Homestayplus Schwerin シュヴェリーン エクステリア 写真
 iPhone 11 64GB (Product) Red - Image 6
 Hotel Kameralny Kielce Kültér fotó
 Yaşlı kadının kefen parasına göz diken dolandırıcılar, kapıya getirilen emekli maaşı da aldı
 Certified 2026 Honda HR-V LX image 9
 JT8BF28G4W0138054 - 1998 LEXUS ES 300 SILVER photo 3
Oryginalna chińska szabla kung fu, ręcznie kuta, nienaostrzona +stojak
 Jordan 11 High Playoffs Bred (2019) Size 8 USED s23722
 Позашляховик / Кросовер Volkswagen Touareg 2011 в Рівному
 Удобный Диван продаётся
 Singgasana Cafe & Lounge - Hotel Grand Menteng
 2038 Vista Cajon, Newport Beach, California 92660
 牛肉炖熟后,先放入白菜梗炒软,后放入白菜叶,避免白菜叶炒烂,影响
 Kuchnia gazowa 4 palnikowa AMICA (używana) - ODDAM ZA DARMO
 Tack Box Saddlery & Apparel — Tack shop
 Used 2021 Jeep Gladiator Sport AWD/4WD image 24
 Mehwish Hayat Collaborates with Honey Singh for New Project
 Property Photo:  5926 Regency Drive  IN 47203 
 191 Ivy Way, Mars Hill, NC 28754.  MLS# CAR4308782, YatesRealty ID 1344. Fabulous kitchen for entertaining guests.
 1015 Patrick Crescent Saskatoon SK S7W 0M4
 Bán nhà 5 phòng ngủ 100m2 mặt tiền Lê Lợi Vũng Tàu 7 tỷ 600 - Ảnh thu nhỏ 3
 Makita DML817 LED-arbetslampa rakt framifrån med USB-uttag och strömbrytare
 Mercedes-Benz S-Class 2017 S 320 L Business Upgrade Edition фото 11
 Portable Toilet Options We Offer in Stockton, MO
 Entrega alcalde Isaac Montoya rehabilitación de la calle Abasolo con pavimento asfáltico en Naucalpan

---------------

• [TRY IT]:
Only those lines of the entries above that run from the line containing "Certified 2026 Honda HR-V LX image 9" to the line containing "Jordan 11 High", both included, should be transcribed exactly.

• [RESPONSE AREA]:
 Certified 2026 Honda HR-V LX image 9
 JT8BF28G4W0138054 - 1998 LEXUS ES 300 SILVER photo 3
Oryginalna chińska szabla kung fu, ręcznie kuta, nienaostrzona +stojak
 Jordan 11 High Playoffs Bred (2019) Size 8 USED s23722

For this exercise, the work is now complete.